Hoy admito mi error y me convierto en lo que seré de ahora en más, un respetado hombre, un buen hombre dirán, uno que no se expone porque se avergüenza de lo que oculta: un corazón sin alas, con un miedo terrible a ser inferior, una invención de sí mismo que se adhiere a pautas examinadas con rigor, a rutas planificadas con antelación porque el campo y el bosque son demasiado inmensos.

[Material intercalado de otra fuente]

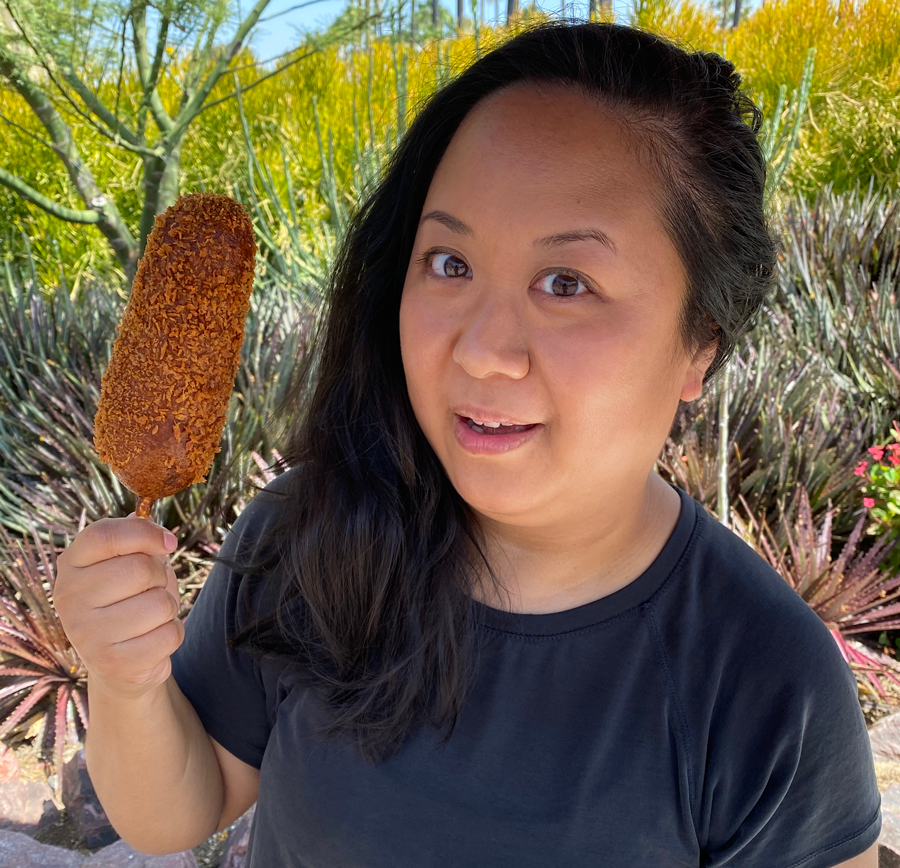Me holding up the corn dog next to my head for size comparison, it&#x27;s almost the same length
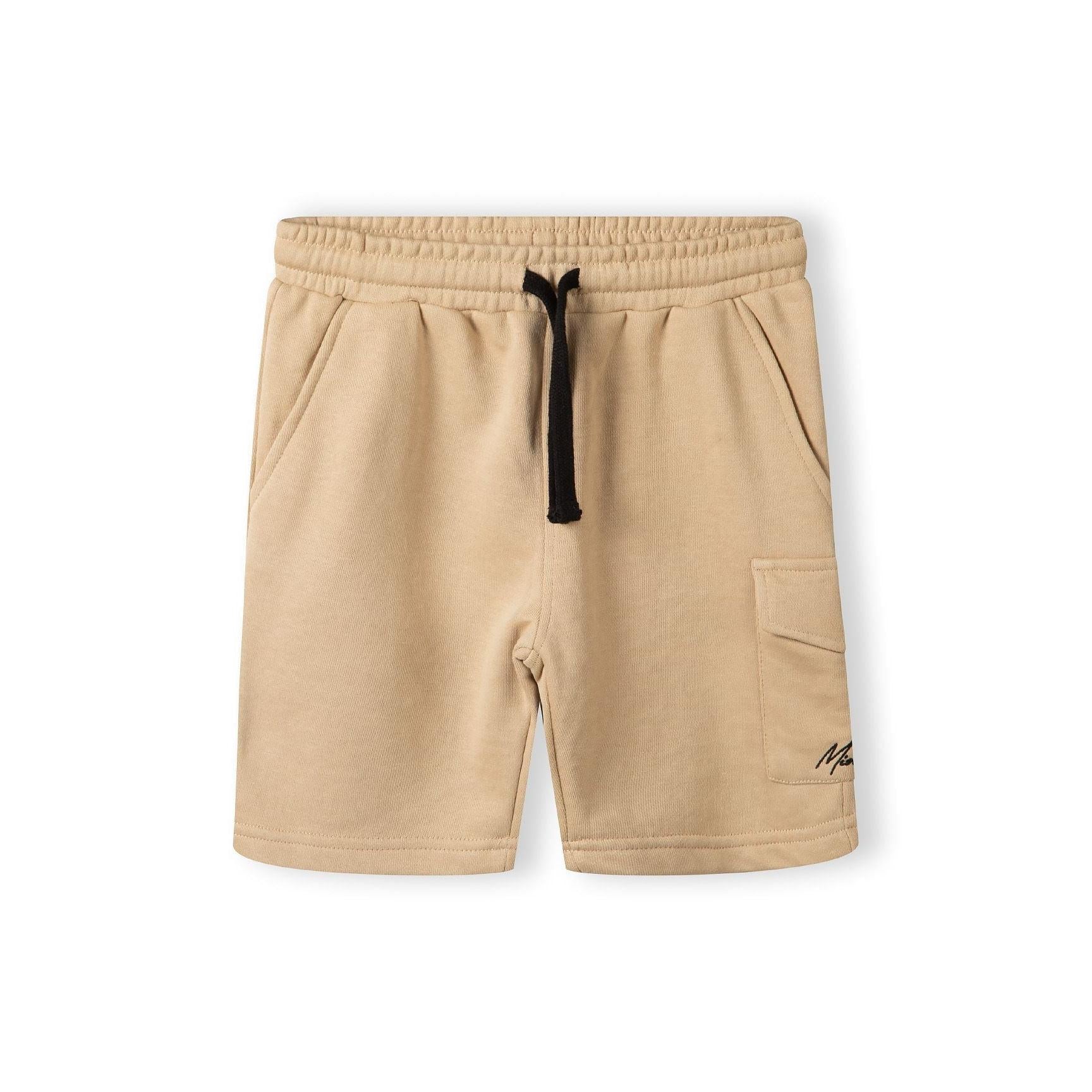 Close-up detail of beige cotton shorts showing elasticated waistband with black drawstring and Minoti label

Y sin su amor, uno de tantos.
Hoy, cuando el verano vuelve a todos más felices, admito con mal asombro que intenté derrumbarla sólo porque su mundo no cabía en mi mundo. Y eso me daba rabia , como me daba rabia su ausencia y su presencia, su tiempo conmigo y su tiempo sin mí, esa descarada libertad.
Sé que la aparté de mi lado (ella lo supo siempre), sólo para darme una lección magistral: que podía con su hechizo y mi deseo. Y que podía seguir con mis días, mecánicamente ordenados, calmadamente somnolientos, donde nadie me confrontase nunca más, nunca más, con aquello de lo que presumo y , por ende, de lo que carezco.
Y le digo adiós en voz baja. Adiós. Y lloro brevemente en secreto por seguir estando aquí, siempre aquí, donde nadie puede perturbar las reglas ni la calma, en esta pobre vida de respetado y oscuro animal social.